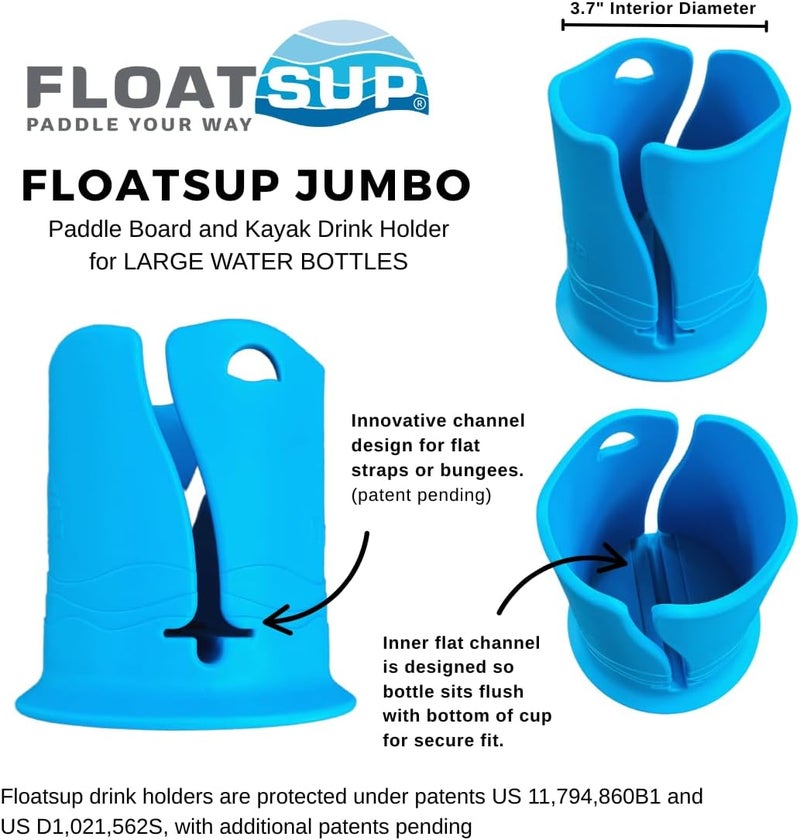 Floatsup حامل زجاجة ماء كبير لوح التجديف وكاياك ® جامبو (وردي نيون) - Image 2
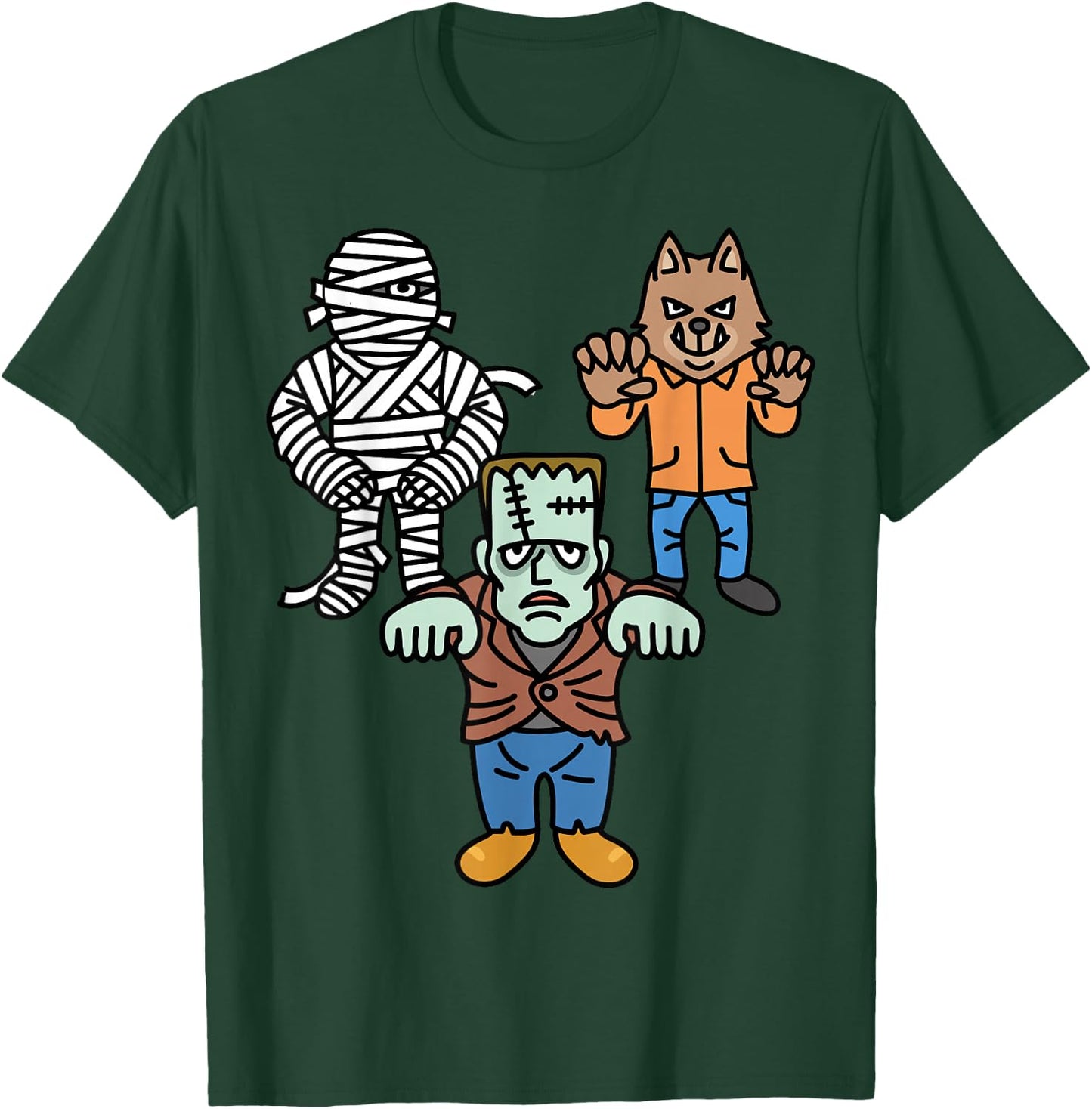 Horror Movie Monster Mummy Werewolf Frankenstein Comic Book T-Shirt - T-Shirt | Forest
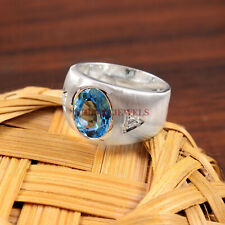 Naturel Bleu Gemme Topaze Avec 925 Bague en Argent pour Homme #264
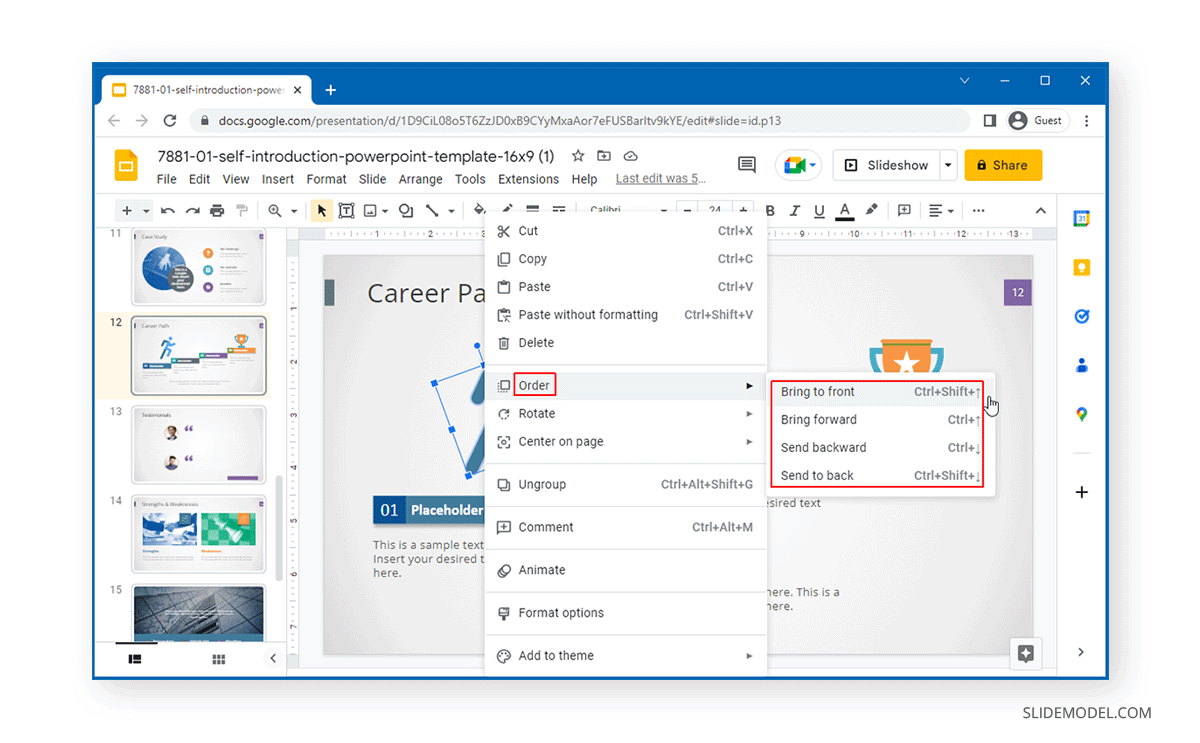 Object order options in Google Slides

━━━━━━━━━━

## Work task
Once the pictures are removed, repeat all of the data above exactly.

## Answer for this exercise
 Floatsup حامل زجاجة ماء كبير لوح التجديف وكاياك ® جامبو (وردي نيون) - Image 2
 Horror Movie Monster Mummy Werewolf Frankenstein Comic Book T-Shirt - T-Shirt | Forest
 Naturel Bleu Gemme Topaze Avec 925 Bague en Argent pour Homme #264
 Object order options in Google Slides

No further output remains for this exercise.